Nun rückt die Stadt in den Focus der deutschen Aufmerksamkeit. Erstmals scheint es deutschen Bürgern spontan nicht egal zu sein, dass, wie ein Kommentator auf diesen Seiten formulierte, „beim täglichen Aushandeln des Zusammenlebens mit Zuwanderern immer mehr Menschen auf der Strecke bleiben und erstochen oder erschlagen auf den Straßen oder vergewaltigt in den Büschen liegen“. Es handelt sich eben nicht um Einzelfälle.

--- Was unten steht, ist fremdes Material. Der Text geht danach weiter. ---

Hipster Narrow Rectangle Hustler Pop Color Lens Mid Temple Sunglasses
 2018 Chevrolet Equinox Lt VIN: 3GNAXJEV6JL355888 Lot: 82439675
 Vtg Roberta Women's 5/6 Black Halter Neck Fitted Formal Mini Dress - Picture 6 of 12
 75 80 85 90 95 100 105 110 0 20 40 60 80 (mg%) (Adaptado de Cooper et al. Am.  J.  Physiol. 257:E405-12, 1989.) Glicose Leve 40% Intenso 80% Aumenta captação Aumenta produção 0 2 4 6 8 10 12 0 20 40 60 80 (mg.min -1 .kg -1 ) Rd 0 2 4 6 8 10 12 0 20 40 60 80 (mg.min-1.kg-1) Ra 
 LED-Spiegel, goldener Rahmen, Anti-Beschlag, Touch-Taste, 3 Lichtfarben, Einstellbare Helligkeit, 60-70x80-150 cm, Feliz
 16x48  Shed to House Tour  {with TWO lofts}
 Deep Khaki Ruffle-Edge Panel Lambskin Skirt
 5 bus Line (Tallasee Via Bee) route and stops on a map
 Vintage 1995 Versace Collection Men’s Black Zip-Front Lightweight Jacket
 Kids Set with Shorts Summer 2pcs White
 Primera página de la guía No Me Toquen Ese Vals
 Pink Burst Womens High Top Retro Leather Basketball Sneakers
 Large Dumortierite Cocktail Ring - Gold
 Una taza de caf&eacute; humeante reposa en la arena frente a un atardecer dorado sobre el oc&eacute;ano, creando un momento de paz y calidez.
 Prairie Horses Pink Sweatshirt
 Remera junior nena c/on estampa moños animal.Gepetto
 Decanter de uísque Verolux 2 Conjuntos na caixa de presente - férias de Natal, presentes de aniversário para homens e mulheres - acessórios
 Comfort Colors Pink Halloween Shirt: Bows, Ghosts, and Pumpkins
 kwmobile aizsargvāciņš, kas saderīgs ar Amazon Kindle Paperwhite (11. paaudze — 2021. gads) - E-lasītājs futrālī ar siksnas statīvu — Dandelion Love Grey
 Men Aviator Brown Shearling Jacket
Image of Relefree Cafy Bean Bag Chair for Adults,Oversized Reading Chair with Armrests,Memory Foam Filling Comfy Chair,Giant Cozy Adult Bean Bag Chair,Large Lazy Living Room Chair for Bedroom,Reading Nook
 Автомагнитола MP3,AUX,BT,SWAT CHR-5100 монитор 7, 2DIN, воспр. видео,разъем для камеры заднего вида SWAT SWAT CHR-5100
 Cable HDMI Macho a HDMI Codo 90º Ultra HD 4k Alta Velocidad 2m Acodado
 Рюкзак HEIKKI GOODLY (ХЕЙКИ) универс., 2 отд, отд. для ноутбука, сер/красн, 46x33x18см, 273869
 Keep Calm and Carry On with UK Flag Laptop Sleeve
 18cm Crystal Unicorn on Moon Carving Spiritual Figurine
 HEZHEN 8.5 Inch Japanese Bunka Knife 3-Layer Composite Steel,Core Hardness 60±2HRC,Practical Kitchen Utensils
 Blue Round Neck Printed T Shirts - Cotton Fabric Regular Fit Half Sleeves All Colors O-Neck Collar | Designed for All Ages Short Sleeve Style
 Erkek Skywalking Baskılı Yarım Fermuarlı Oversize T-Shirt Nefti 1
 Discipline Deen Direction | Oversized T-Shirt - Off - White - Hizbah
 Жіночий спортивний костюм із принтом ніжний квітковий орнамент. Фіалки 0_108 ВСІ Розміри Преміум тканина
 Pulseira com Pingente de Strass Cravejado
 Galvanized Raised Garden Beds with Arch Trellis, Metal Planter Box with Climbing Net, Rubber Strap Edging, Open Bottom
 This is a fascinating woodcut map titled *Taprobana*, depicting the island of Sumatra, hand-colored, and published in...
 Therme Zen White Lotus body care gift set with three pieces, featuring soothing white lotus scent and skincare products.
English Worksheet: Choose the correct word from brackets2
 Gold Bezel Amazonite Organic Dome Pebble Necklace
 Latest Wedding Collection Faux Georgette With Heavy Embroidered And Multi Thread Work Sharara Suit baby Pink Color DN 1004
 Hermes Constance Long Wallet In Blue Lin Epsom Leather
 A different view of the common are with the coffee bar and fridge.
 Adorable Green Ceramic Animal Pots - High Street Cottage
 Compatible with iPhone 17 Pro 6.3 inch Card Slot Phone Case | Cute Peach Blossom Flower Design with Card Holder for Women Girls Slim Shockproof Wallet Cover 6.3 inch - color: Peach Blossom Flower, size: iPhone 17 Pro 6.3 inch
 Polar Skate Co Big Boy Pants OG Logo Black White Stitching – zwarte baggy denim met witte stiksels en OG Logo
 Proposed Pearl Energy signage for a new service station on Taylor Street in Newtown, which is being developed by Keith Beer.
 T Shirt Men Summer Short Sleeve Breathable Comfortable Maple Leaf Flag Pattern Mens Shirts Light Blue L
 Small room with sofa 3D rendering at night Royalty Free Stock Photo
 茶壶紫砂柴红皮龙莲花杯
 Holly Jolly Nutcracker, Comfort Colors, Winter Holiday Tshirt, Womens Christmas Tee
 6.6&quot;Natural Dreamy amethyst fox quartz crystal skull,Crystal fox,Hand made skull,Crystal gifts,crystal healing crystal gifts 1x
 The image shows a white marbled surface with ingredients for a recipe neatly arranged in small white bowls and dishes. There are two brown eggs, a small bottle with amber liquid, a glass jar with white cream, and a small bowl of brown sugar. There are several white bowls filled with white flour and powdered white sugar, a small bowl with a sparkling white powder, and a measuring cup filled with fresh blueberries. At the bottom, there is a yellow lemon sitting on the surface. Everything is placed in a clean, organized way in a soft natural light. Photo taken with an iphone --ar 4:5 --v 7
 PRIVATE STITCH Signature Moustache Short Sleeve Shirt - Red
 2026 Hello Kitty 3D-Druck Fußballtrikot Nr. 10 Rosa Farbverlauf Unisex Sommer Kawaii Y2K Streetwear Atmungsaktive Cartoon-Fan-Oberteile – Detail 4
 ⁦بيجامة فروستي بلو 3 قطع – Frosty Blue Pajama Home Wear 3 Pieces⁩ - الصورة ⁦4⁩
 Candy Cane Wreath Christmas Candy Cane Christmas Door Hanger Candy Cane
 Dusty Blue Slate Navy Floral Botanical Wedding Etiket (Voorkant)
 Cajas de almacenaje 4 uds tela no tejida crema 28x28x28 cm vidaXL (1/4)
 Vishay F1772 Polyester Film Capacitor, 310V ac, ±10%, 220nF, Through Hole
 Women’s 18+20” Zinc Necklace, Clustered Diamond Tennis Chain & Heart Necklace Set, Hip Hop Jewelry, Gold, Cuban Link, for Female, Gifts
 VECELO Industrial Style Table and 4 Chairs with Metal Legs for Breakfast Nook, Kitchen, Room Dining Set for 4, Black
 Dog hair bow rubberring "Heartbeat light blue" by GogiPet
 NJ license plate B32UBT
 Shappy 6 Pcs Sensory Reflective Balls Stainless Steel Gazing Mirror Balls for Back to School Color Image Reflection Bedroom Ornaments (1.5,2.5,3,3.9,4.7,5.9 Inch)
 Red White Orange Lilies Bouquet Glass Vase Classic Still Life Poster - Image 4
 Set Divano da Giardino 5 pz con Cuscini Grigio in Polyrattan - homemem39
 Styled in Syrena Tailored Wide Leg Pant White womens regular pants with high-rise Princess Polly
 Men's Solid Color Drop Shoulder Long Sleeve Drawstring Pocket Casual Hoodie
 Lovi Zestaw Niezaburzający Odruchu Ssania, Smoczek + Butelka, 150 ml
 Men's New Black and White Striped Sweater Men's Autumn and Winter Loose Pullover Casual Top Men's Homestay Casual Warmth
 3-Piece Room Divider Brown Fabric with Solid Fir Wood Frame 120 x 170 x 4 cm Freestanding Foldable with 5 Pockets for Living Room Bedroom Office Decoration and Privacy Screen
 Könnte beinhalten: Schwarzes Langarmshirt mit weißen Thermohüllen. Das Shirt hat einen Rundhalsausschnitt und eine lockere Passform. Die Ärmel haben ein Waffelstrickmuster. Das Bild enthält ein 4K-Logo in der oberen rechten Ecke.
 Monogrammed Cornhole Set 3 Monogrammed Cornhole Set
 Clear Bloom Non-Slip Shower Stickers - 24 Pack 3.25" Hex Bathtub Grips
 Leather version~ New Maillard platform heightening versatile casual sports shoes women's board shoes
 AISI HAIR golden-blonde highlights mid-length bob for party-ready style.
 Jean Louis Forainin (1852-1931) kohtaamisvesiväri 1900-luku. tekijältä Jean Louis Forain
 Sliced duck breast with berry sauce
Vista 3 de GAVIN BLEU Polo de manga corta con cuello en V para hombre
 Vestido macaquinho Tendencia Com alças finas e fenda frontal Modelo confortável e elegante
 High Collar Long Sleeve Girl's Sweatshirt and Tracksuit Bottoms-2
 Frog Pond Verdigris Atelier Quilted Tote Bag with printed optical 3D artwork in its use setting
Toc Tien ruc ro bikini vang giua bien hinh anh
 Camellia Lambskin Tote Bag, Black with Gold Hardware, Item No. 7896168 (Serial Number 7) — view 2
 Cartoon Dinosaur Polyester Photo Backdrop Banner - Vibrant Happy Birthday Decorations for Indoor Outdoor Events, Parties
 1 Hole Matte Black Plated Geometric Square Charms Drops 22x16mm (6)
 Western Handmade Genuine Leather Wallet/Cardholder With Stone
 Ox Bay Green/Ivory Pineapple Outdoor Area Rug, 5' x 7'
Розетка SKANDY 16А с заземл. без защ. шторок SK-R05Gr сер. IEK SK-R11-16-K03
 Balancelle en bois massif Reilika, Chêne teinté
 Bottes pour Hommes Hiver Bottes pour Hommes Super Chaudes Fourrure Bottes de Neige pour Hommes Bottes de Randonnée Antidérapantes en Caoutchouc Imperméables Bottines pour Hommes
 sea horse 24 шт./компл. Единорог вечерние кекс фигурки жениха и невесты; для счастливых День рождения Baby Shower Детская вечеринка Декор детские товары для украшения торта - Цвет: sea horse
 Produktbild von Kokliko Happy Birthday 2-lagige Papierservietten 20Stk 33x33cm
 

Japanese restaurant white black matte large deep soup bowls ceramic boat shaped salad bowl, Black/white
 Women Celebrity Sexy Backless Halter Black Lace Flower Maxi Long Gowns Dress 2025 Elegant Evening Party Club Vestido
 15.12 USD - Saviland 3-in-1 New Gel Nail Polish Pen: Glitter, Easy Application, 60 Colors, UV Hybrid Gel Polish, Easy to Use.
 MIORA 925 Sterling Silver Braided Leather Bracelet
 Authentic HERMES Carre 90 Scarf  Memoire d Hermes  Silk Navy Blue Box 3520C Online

Dass Politiker und Medien gemeinsam die Wahrheit vertuschen und erstere, von der Kanzlerin an abwärts, eher für die Migranten da zu sein scheinen, für die plötzlich Geld in Hülle und Fülle vorhanden ist, das bisher angeblich für Schulen, Straßen und was noch alles mehr fehlte, verbittert die Leute. Da ist kein Vertrauen mehr da und man versteht das gut.
Chemnitz mag eine unwirtliche Stadt sein und seine Auflehnung mag für manche postmodernen Feingeister – besonders jene Internationalisten, denen Deutschland ein Gräuel ist – unappetitliche Züge zeigen. Wie immer bei Massenaufläufen, wenn die Erregung groß ist, gibt es auch solche, die jeder schlicht aus Anstand ablehnen muss. Aber die Stadt ist plötzlich zu einem Begriff für Empathie geworden – nämlich für die Ermordeten, die das offizielle Deutschland sofort vergisst! Und für Courage! Michael Klonovsky hat mit seinem Ausruf recht.